Nie wiadomo, czy to kolejny czy pierwszy taki ładunek ani dla kogo był przeznaczony, ale jego wielkość budzi zdumienie. Jest to ilość broni palnej porównywalna z ilością, jaką dysponowali powstańcy warszawscy w sierpniu 1944, odpowiednia raczej do wywołania rebelii zbrojnej niż do zaopatrzenia przestępczego podziemia. Jeśli adresatem przemycanej broni byli terroryści, to oznaczałoby przygotowywania do akcji w Europie na znacznie większą niż dotychczas skalę.
Kilka dni wcześniej policja włoska wydaliła czterech Marokańczyków, w tym jednego pod zarzutem rozpowszechniania terrorystycznej propagandy. Dopiero po wydaleniu znaleziono w jego komputerze ilustrowany podręcznik „Organizowanie zbrojnej walki w mieście” oraz nagranie „Techniki wojenne w mieście”. Znajdują się tam dokładne instrukcje, jak organizować niezależne komórki terrorystyczne (każda ma składać się z 4 części, członkowie mają się kontaktować wyłącznie z dowódcą, który ich zrekrutował itd.), jak wysadzać w powietrze obiekty (np. gdyby chcieć wysadzić Bank Europejski we Frankfurcie, to potrzeba byłoby 12 zamachowców-samobójców z ładunkami po 20 kg materiałów wybuchowych, którzy przedostaliby się do wnętrza gmachu itd.).
Niestety, nie wiadomo jak szeroko podręcznik był rozpowszechniany, a jego autora chyba już w Maroku nie uda się przesłuchać. Od początku roku wydalono z Włoch 59 osób podejrzewanych o związki z terroryzmem; może dlatego nie było tam zamachów.
W ostatni piątek włoski minister spraw wewnętrznych zapowiedział likwidowanie nielegalnie działających meczetów, nad którymi władze nie miały żadnej kontroli. Zapowiedział też dodatkowe fundusze, 150 mln euro, na kontrolowanie różnych kanałów komunikacji, jakie mogą wykorzystywać terroryści, m.in. czatu w konsolach Playstation, którym najprawdopodobniej posługiwali się paryscy terroryści.
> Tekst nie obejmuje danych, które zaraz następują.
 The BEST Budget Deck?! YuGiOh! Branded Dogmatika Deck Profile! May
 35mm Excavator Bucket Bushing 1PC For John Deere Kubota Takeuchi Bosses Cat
We włoskich więzieniach mają być zatrudniani, powiedział minister Alfano, „mediatorzy kulturalni”, aby zapobiegać radykalizacji więźniów do jakiej dochodzi w innych krajach.
Włosi poważnie traktują ostrzeżenia, jakich udzieliło po paryskich zamachach FBI, które stwierdziło, że ma wiadomości o możliwych zamachach na Rzym, Watykan i Mediolan.